Live at Massey Hall 1971 is a live album by Canadian-American musician Neil Young. Released in 2007, the album features a solo acoustic performance by Young at Massey Hall in Toronto, Ontario, Canada, on 19 January 1971 during his Journey Through the Past Solo Tour. It is the second release in Young's Archives Performance Series.[10]
The album reached #1 in Canada with 11,000 units sold in its first week. It debuted at #9 on the Irish Charts, #30 on the UK albums chart, and #6 on the Billboard 200 on 31 March 2007, with 57,000 copies sold. It spent 11 weeks on the latter chart, and in 2009 was named by Fretbase as the second-best album featuring a singer-songwriter on acoustic guitar of all time.[11] The CD release is paired with a DVD featuring footage from a performance at the Shakespeare Theatre in Stratford, Connecticut.
Setlist
Though the set of songs featured that night was similar to other concerts during the tour, the bulk of the songs played would have been unfamiliar to the audience. Of the eighteen songs Young performed during his second set that night, only eight had already appeared on record. These include songs that Young recorded with the bands Buffalo Springfield and Crosby, Stills, Nash & Young, or had released on one of his three solo albums to date.

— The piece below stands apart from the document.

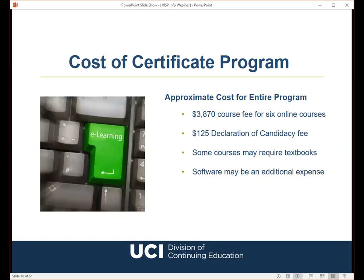Each course in our program costs $645, so you're looking at a total of $3,870 in course fees for the six online classes. You don't pay the entire total upfront — you simply pay for each course individually at the time of enrollment. There is also a $125 certificate candidacy fee, so in the end you're looking at just under $4,000 for the entire certificate program. Please note that amount does not include textbooks, which some courses may require. Textbook information is posted on the enrollment page. Also, prior to enrollment in the practicum, students must purchase or have access to and working knowledge of an authoring tool such as Articulate Studio, Storyline, Adobe Captivate, or similar, so software may be an additional expense.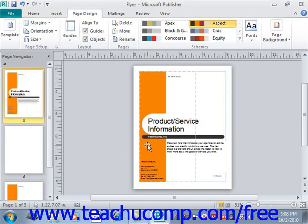Another feature worth noting is that you can also move multiple adjacent or non-adjacent pages as well. In order to do this, you must first select the pages to move. You can select multiple adjacent pages by clicking the first page to move, holding down the Shift key on your keyboard, and then clicking the last page to move. All pages between the two you clicked upon will be selected. You can then release the Shift key on your keyboard.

Five additional songs performed would appear one year later on the landmark album Harvest (though there are noticeable differences in the lyrics to "A Man Needs a Maid"). One song, "Bad Fog of Loneliness", makes its first appearance with this release. The remaining four songs were included on several of Young's subsequent 1970s albums: "Love in Mind" and "Journey Through the Past" appeared on the 1973 live album Time Fades Away; "See the Sky About to Rain" was released in a different arrangement on the 1974 album On the Beach; and "Dance Dance Dance" appeared on Crazy Horse's February 1971 debut album, and was rewritten with new lyrics for the 1977 compilation album Decade as "Love Is a Rose". The reworked version later became a hit for Linda Ronstadt.
Many of the songs appear in a form that virtually duplicates live takes found on other albums. "Cowgirl in the Sand", "Don't Let It Bring You Down", and "Down By the River" are unchanged from the versions that appear on 4 Way Street. "Journey Through the Past" and "Love in Mind" are similar to the performances found on Time Fades Away. "The Needle and the Damage Done" appeared as a live track on the studio album Harvest.

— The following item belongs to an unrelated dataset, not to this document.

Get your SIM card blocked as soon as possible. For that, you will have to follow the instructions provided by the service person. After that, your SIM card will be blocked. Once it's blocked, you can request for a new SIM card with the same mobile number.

The concert at Massey Hall was not filmed. Instead, the footage used for the DVD release, featuring Young performing a number of tracks, was sourced from a performance at the Shakespeare Theatre in Stratford, Connecticut, three days later, with the Massey Hall audio dubbed on top. The footage was filmed for a 1971 TV documentary by Dutch documentary filmmaker Wim van der Linden, which was never broadcast in The Netherlands but was in Germany, with the German title Swing in mit Neil Young. Where there was a lack of video performances of certain songs, footage of the reel-to-reel tape recorder used onstage fills the screen instead.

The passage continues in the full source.